Abstract
Giant cell tumors (GCTs) of bone are uncommon neoplasms, typically located in the metaphysis of long bones, with rare occurrences in the spine, especially in the thoracic region. We report the case of a 34-year-old woman with a history of psoriasis and celiac disease, who presented with progressive inflammatory back pain and paraparesis. Imaging revealed an osteolytic mass at the T11 vertebra, causing dorsal spinal cord compression. Emergency surgery was performed, with histopathology confirming GCT. Despite initial recovery of motor function, surgical stabilization was later necessary to prevent spinal instability. The patient was started on adjuvant Denosumab therapy and remained asymptomatic on follow-up. This case highlights the rarity of GCT in the thoracic spine and associated diagnostic and therapeutic challenges. Though benign, GCTs can cause severe spinal cord compression, necessitating prompt surgical intervention to preserve neurological function. Denosumab therapy shows promise in controlling tumor progression and enhancing surgical outcomes. Multidisciplinary management and regular follow-up are essential to prevent recurrence and improve prognosis.
Keywords: Denosumab, Giant cell tumor of bone, Laminectomy, Spinal cord compression
Introduction
Giant cell tumors (GCTs) are benign but locally aggressive bone tumors that can compromise adjacent tissues. Most commonly located near joints such as the knee, wrist, ankle, or hip, GCTs account for approximately 5% of all primary bone tumors [1,2]. In rare cases (2%-4%) [3], GCTs occur in the spine, primarily in the sacrum and, less commonly, the thoracic spine [4]. These osteolytic lesions predominantly affect females in their twenties and thirties [5].

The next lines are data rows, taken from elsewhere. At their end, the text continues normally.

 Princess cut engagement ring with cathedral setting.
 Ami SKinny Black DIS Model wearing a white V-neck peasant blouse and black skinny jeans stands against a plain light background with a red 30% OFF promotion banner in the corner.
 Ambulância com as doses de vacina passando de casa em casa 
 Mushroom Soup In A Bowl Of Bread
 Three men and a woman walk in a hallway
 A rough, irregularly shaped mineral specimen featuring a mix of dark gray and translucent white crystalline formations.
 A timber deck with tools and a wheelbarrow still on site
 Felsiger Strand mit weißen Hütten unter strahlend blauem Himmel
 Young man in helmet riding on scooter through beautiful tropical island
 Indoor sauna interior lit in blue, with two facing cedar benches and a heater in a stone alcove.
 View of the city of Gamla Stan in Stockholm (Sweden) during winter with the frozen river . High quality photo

Managing spinal GCTs presents unique challenges due to anatomical complexities. When GCTs develop within the spinal canal, they may cause neurological deficits by compressing the spinal cord, the conus, cauda equina, exiting nerves and other paraspinal structures [6]. Treatment often involves wide en bloc resection, though this approach is sometimes impractical in spinal lesions due to the risk of vascular or neural injury [1]. Adjuvant therapies, including radiotherapy and Denosumab, are frequently employed; however, despite these treatments, local recurrence and distant metastasis remain common [1,2].
Case report
We report the case of a 34-year-old woman with a history of psoriasis, celiac disease, and penicillin allergy, who presented with a 2-week history of worsening inflammatory back pain unrelieved by analgesics. The pain was associated with gait difficulties and heaviness in both lower limbs, without sphincter dysfunction. The patient denied any history of trauma, fever, night sweats, or weight loss. There was no report of bowel or bladder dysfunction.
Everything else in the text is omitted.